Athinoula A. Martinos Center for Biomedical Imaging, Department of Radiology, Massachusetts General Hospital, Boston, Massachusetts.
American College of Radiology, Reston, Virginia.
J Am Coll Radiol. 2020 Dec;17(12):1653-1662. doi: 10.1016/j.jacr.2020.05.015. Epub 2020 Jun 24.
We developed deep learning algorithms to automatically assess BI-RADS breast density.
Using a large multi-institution patient cohort of 108,230 digital screening mammograms from the Digital Mammographic Imaging Screening Trial, we investigated the effect of data, model, and training parameters on overall model performance and provided crowdsourcing evaluation from the attendees of the ACR 2019 Annual Meeting.
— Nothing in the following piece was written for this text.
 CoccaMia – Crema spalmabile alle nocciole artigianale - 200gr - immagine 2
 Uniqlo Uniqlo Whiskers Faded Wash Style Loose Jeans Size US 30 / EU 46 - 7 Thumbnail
Our best-performing algorithm achieved good agreement with radiologists who were qualified interpreters of mammograms, with a four-class κ of 0.667. When training was performed with randomly sampled images from the data set versus sampling equal number of images from each density category, the model predictions were biased away from the low-prevalence categories such as extremely dense breasts. The net result was an increase in sensitivity and a decrease in specificity for predicting dense breasts for equal class compared with random sampling. We also found that the performance of the model degrades when we evaluate on digital mammography data formats that differ from the one that we trained on, emphasizing the importance of multi-institutional training sets. Lastly, we showed that crowdsourced annotations, including those from attendees who routinely read mammograms, had higher agreement with our algorithm than with the original interpreting radiologists.
We demonstrated the possible parameters that can influence the performance of the model and how crowdsourcing can be used for evaluation. This study was performed in tandem with the development of the ACR AI-LAB, a platform for democratizing artificial intelligence.
我们开发了深度学习算法,以自动评估 BI-RADS 乳腺密度。
利用来自数字乳腺成像筛查试验的 108230 例数字筛查乳房 X 光片的大型多机构患者队列,我们研究了数据、模型和训练参数对整体模型性能的影响,并提供了 ACR 2019 年会与会者的众包评估。
我们表现最好的算法与有资格解读乳房 X 光片的放射科医生达成了良好的一致性,四类κ值为 0.667。当使用从数据集中随机抽样的图像进行训练与从每个密度类别中抽样相同数量的图像进行训练时,模型预测会偏向于低患病率类别,例如极密乳房。其净结果是与随机抽样相比,预测致密乳房的敏感性增加,特异性降低。我们还发现,当我们在与我们训练的数字乳腺摄影数据格式不同的格式上评估模型性能时,模型性能会下降,这强调了多机构训练集的重要性。最后,我们表明,众包注释,包括那些常规阅读乳房 X 光片的注释,与我们的算法比与原始解释放射科医生的注释具有更高的一致性。
我们展示了可能影响模型性能的参数,以及众包如何用于评估。这项研究是与 ACR AI-LAB 一起进行的,这是一个人工智能民主化的平台。